- **TASK TO COMPLETE**
Where a picture appears, leave it out; copy everything else in the records exactly.

- **GIVEN DATA**
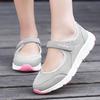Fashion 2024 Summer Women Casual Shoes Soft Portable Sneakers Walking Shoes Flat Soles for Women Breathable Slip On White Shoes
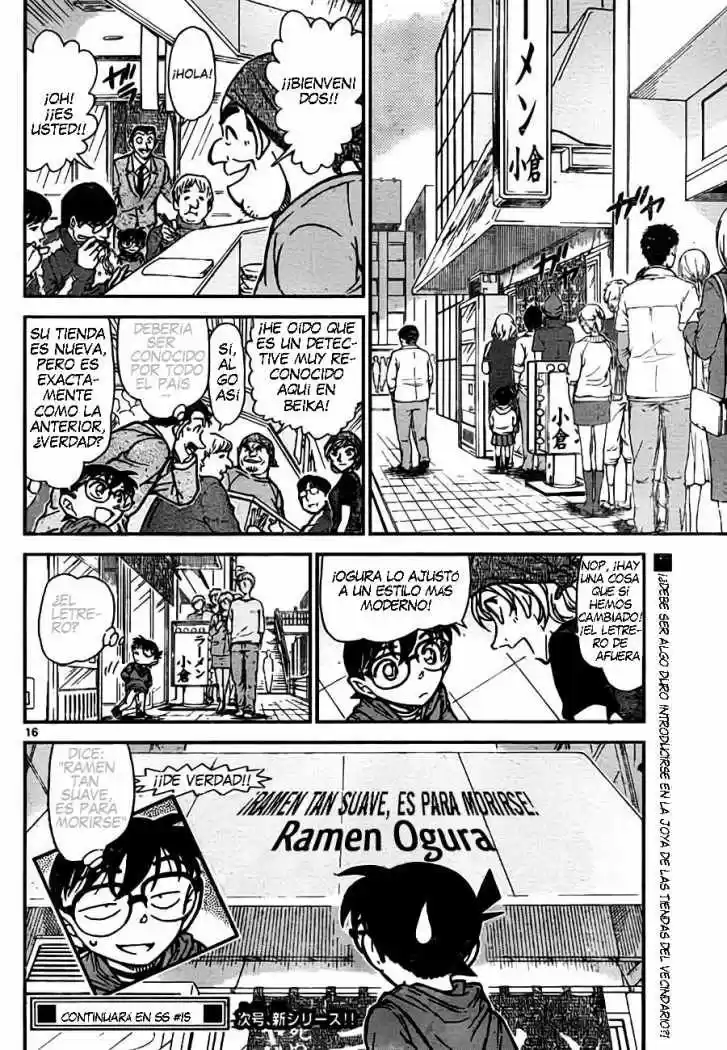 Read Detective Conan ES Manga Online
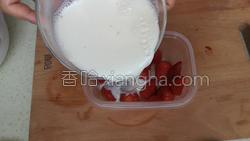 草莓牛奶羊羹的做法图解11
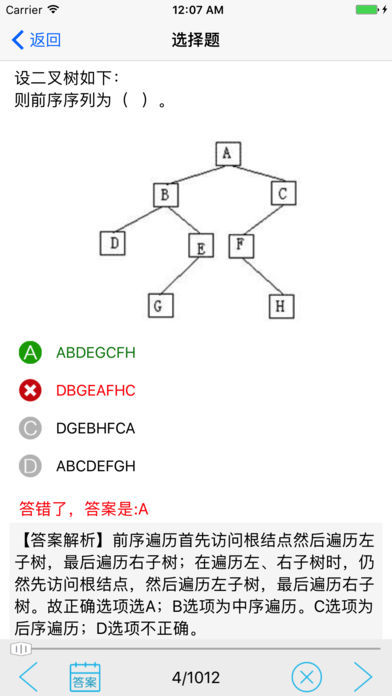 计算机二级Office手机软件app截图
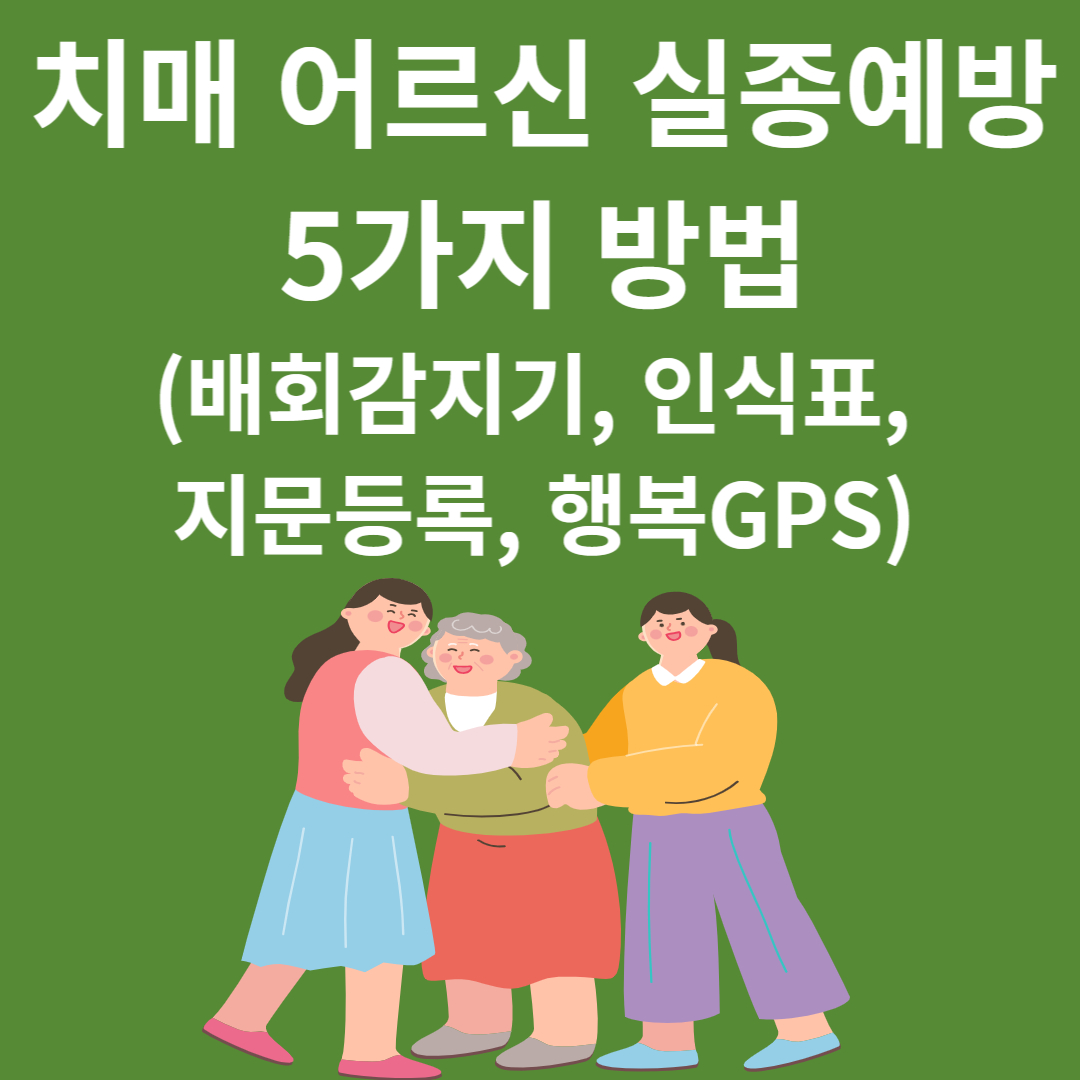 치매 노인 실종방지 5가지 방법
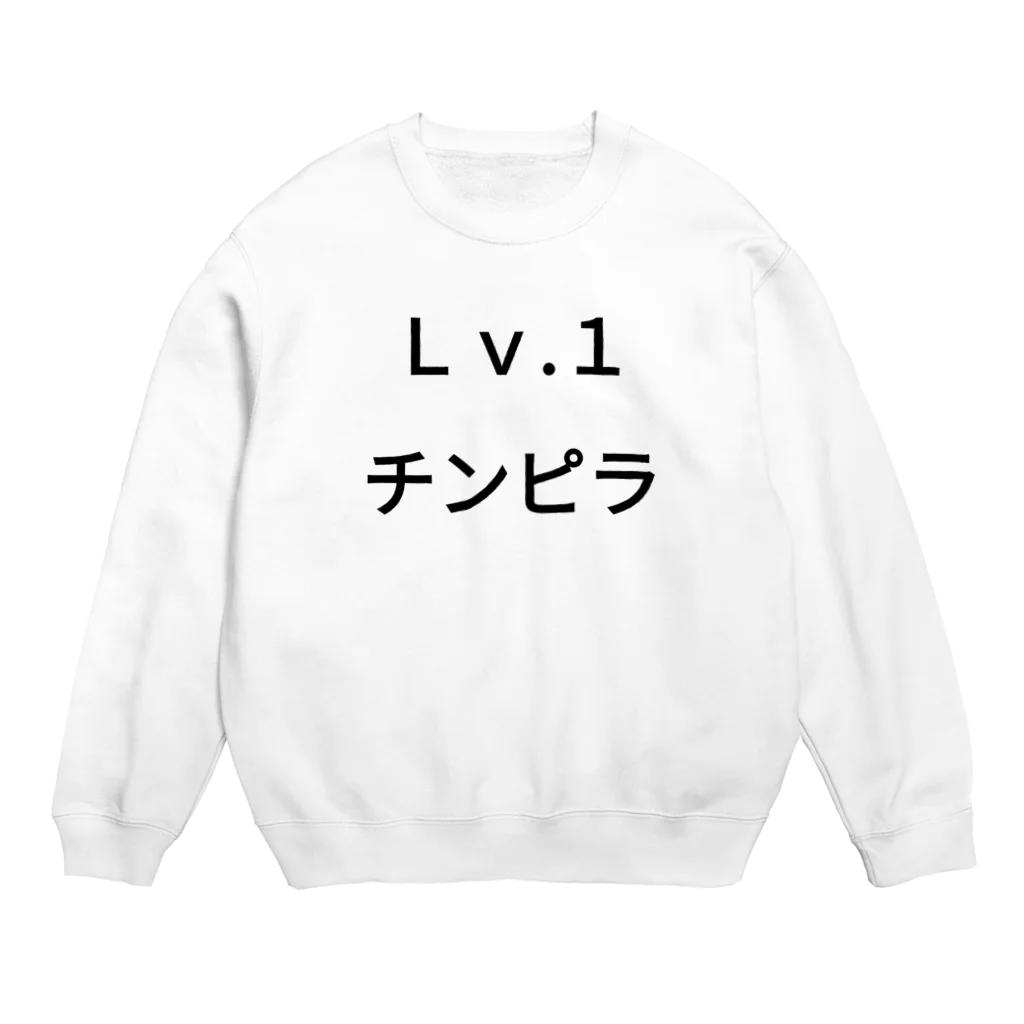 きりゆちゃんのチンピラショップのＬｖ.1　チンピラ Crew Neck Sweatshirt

- **RESPONSE TO THIS TASK**
Fashion 2024 Summer Women Casual Shoes Soft Portable Sneakers Walking Shoes Flat Soles for Women Breathable Slip On White Shoes
 Read Detective Conan ES Manga Online
 草莓牛奶羊羹的做法图解11
 计算机二级Office手机软件app截图
 치매 노인 실종방지 5가지 방법
 きりゆちゃんのチンピラショップのＬｖ.1　チンピラ Crew Neck Sweatshirt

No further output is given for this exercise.